PdfExtractor TextSegments - one word per segment?

I am trying to get text information for each word in a pdf. I am using the trial of the java.pdf.kit. My word count is larger than my segment count. Shouldn’t I get one TextSegment per word?


Here is the code:

try {
// how many pages are there?
PdfFileInfo fileInfo = new PdfFileInfo(path + “text.pdf”);

System.out.println("page count " + fileInfo.getNumberofPages());

PdfExtractor extractor = new PdfExtractor();
extractor.bindPdf(path + “text.pdf”);

// extractor.setEndPage(page);
// extractor.setStartPage(page);

extractor.extractText();
TextSegment[] segments = extractor.getFormattedText();
System.out.println("word count " + extractor.getWordCount());
System.out.println("number of segments " + segments.length);

for (TextSegment text : segments) {

System.out.println(text.getText());
System.out.println(text.getFontName());
System.out.println(text.getFontSize());
System.out.println(text.getTextColor().toString());
System.out.println(text.getX());
System.out.println(text.getY());
}

// extractor.getText(path + “text.txt”);

} catch (java.io.IOException ioe) {
System.out.println(ioe.getMessage() + ioe.getStackTrace());
}

Hi Dave,


Thanks for using our products.

I
have tested the scenario and I am able to reproduce the same problem.
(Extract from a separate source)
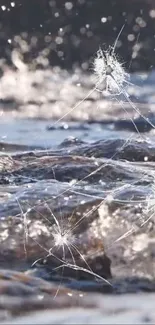 Cracked screen illusion over water background wallpaper.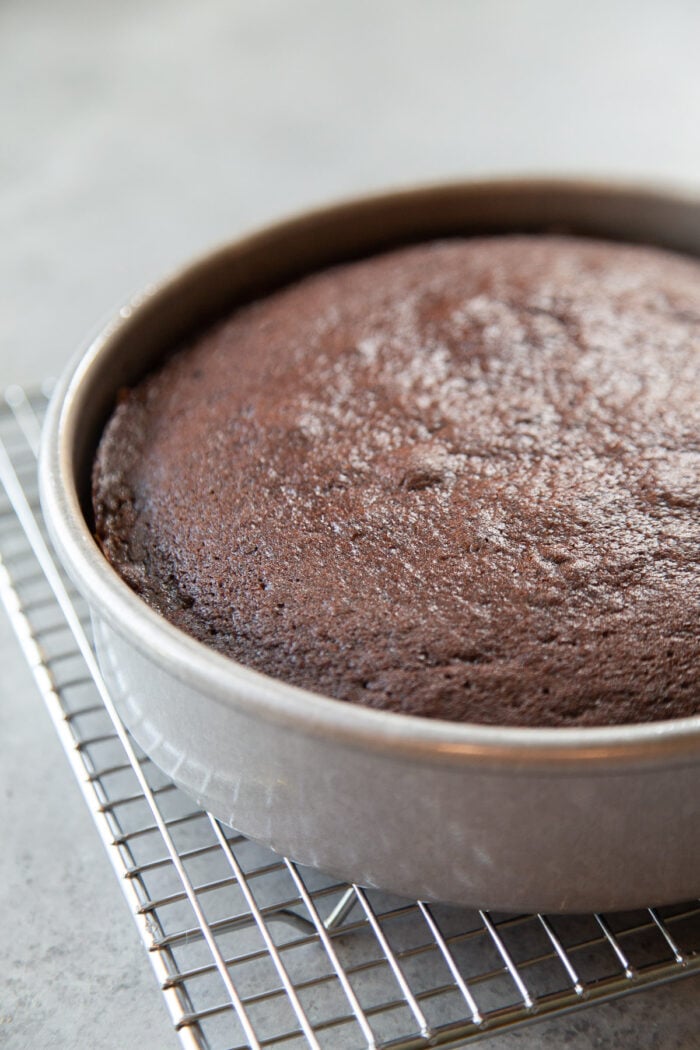 chocolate pumpkin cake baked in 8-inch round pan.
For the
sake of correction, I have logged it in our issue tracking system as PDFKITJAVA-33243. We
will investigate this issue in details and will keep you updated on the status
of a correction.

We
apologize for your inconvenience.

We will be interested in using your product when this is fixed. Please keep us posted.

Hi Dave,


The development team will shortly start investigating this issue and as soon as we have made significant progress towards its resolution, we will update you in this forum thread. Please be patient and spare us little time.

Your patience and comprehension is greatly appreciated in this regard.